Restate exactly the lines that run from the start of the records below to the line containing "Fancy Blue Round", counting both ends, and nothing else; pictures stay out.

=======

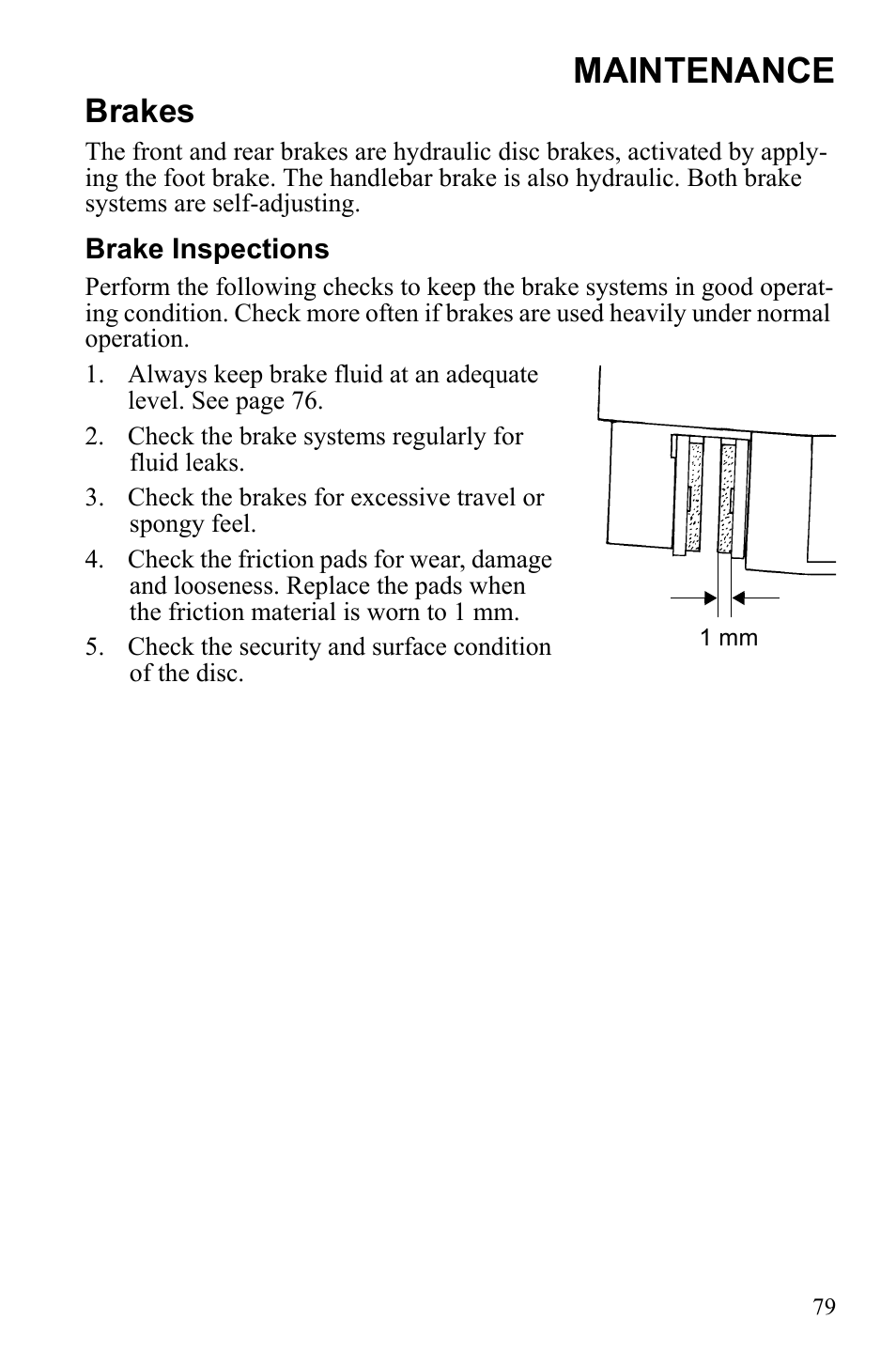 Maintenance, Brakes | Polaris Sportsman 9922553 User Manual | Page 81 / 132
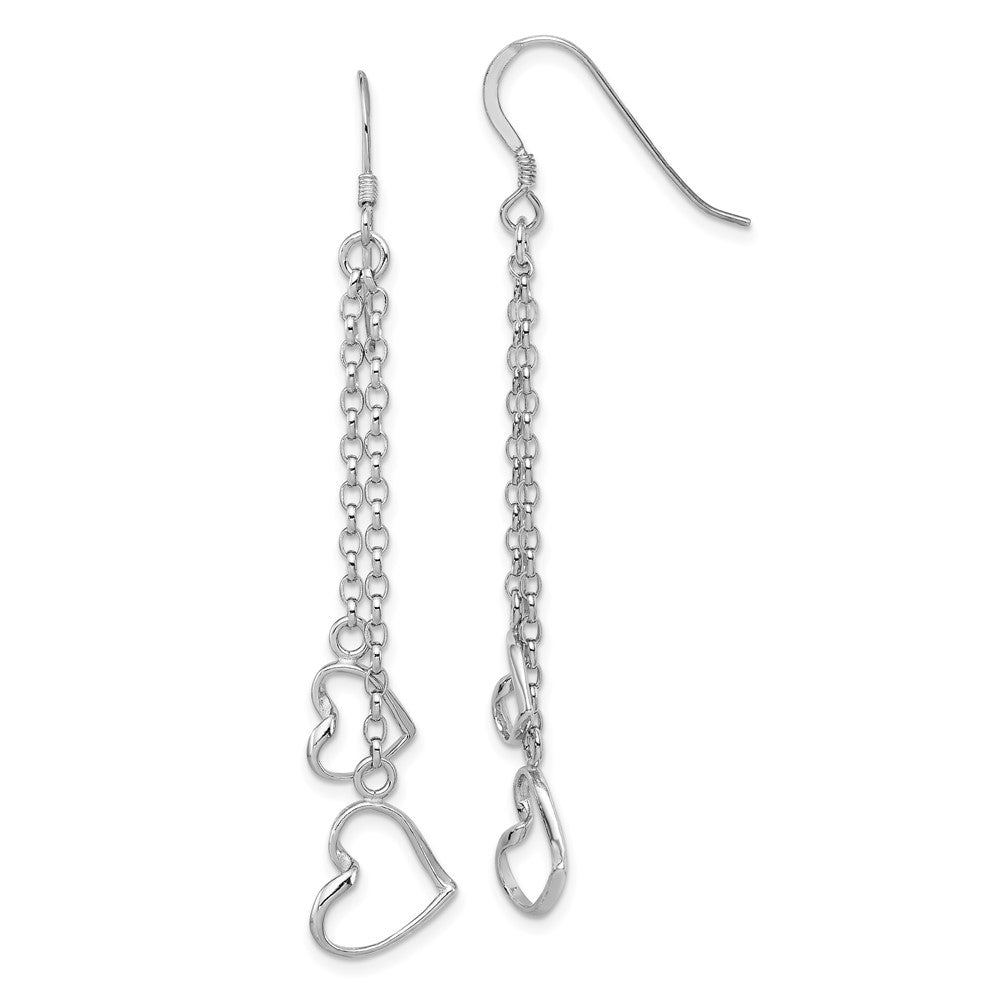 Rhodium-plated Sterling Silver Heart Dangle Shepherd Hook Earrings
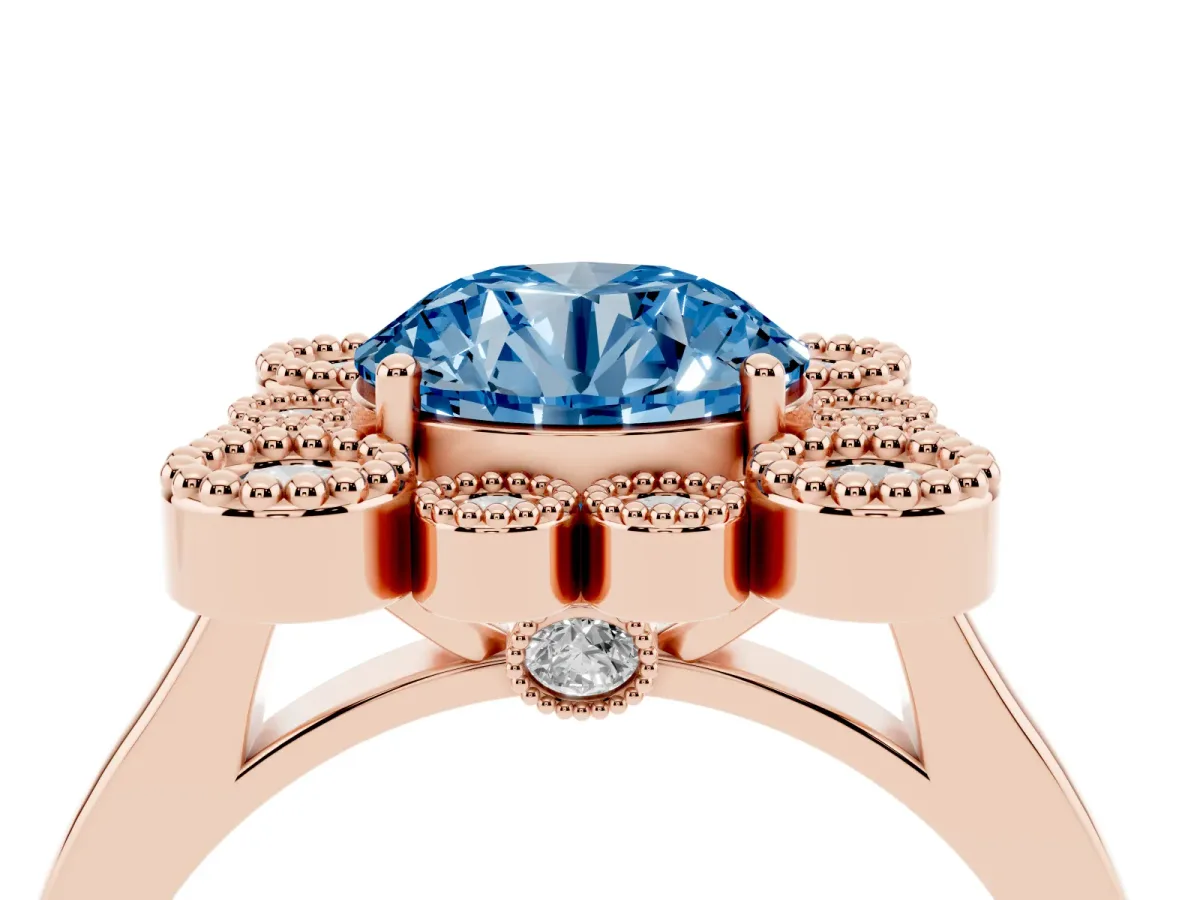 Fancy Blue Round Cut Halo Diamond Cluster Engagement Ring with Milgrain Bezel Setting and Solitaire Band Rose gold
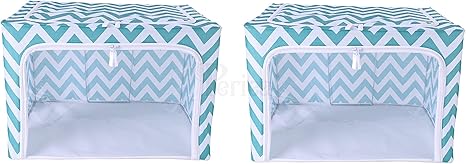 Amazon Com Periea Collapsible Clothes Bedding Storage Boxes Under Bed Or In Closet Pack Of 2 Large Organizers Blue Chevrons Home Kitchen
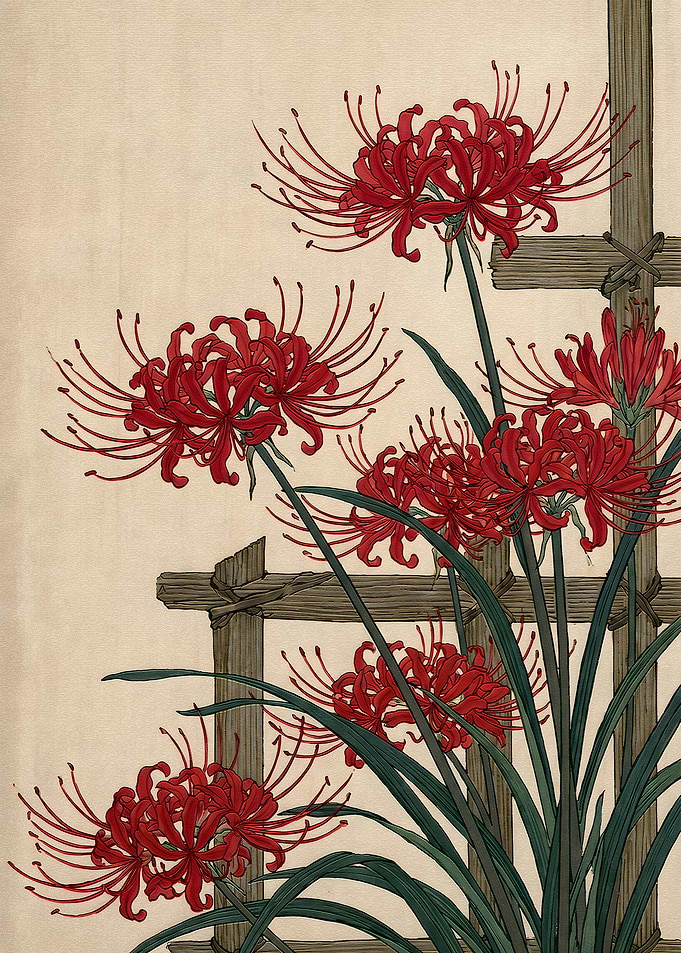 Red Spider Lily Floral Art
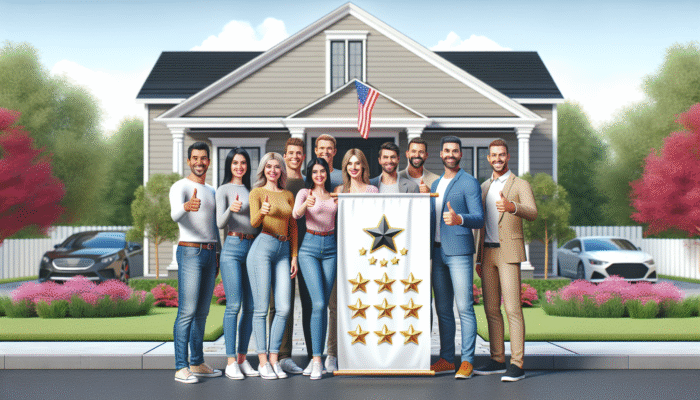 Satisfied homeowners showcasing their admiration in front of their home, displaying a banner with top-rated home service logo and reviews.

=======

→ Result
 Maintenance, Brakes | Polaris Sportsman 9922553 User Manual | Page 81 / 132
 Rhodium-plated Sterling Silver Heart Dangle Shepherd Hook Earrings
 Fancy Blue Round Cut Halo Diamond Cluster Engagement Ring with Milgrain Bezel Setting and Solitaire Band Rose gold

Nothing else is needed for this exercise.